The partial sequences of the introduced fl-cDNAs were subjected to a BLASTN search against Arabidopsis fl-cDNA sequences (Seki et al. 2002) or rice fl-cDNA sequences (Kikuchi et al. 2003). The fl-cDNA showing the highest similarity score was defined as an introduced fl-cDNA. The sequences of introduced fl-cDNAs were subsequently subjected to a BLAST search against the Arabidopsis gene model sequences from the TAIR10 genome release (Lamesch et al. 2012). We picked the gene model name showing the highest degree of similarity and an E-value <1e-5.
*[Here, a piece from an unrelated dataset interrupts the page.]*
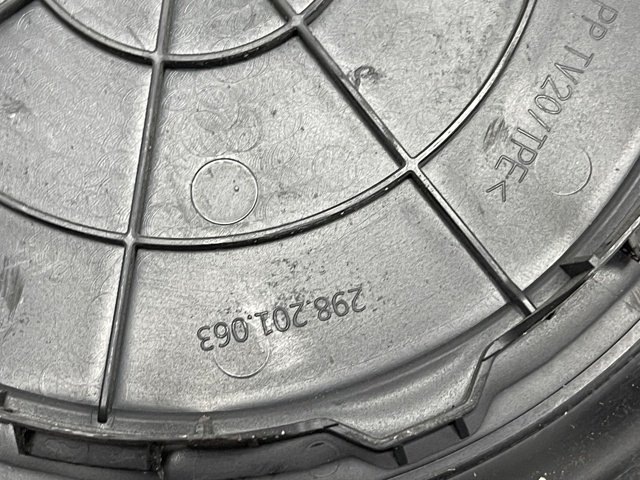 VAG 298201063 Бак топливный в наличии Ирпень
Mapping of phenotype description to ontology

We manually mapped the original phenotype descriptions to ontology terms paired with PO (Cooper et al. 2013) and PATO (Gkoutos et al. 2005) based on recorded observations about each line as well as photographs and the literature. For example, the phenotype descriptions ‘Seed yield::low’, ‘Seed yield::semi sterile’ and ‘Seed yield::sterile’ in AtFOX; ‘Seed::Number::few’ in OsFOX; ‘Seed yield::low yield’, ‘Seed yield::semi-sterile’ and ‘Seed yield::sterile’ in RATM; and ‘conditional male sterile’, ‘embryo lethal’, ‘semi-sterile’, ‘sterile’ and ‘very few seeds’ in TRAPPER were mapped to the PO term seed (PO:0009010) and the PATO term present in fewer numbers in organism (PATO:0001997).

Database construction

The integrated phenotypic data were stored in the database and implemented in the web application. All programs for manipulating data, such as those used to query the database and generate web pages, were written in Perl (http://www.perl.org/) with the web application framework Catalyst (http://www.catalystframework.org/) and the web server interface PSGI/Plack (http://plackperl.org/). The relational database management system was MySQL (http://www.mysql.com/). This web application system is capable of running on a UNIX-like operating system such as Linux (http://www.linux.org/). The web pages were written in HTML, cascading style sheet and Javascript with the YUI library (http://yuilibrary.com/).

Supplementary data

Supplementary data are available at PCP online.

Funding

This work was supported by the Japan Society for the Promotion of Science [a Grant-in-Aid for Young Scientists (B) (18700106 to T.S.)].